* _TASK_: Below are some records. Return exactly the lines from the one with "Kia Picanto 1.25 3 Auto Euro 6 5dr" to the one with "Mielle Pomegranate Honey", and nothing else.

* _ENTRIES SUPPLIED_:

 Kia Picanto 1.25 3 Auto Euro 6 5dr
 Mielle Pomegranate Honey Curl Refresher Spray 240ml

--

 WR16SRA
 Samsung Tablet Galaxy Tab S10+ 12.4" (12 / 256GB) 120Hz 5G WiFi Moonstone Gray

* _SOLUTION TO THE PROBLEM_:
 Kia Picanto 1.25 3 Auto Euro 6 5dr
 Mielle Pomegranate Honey Curl Refresher Spray 240ml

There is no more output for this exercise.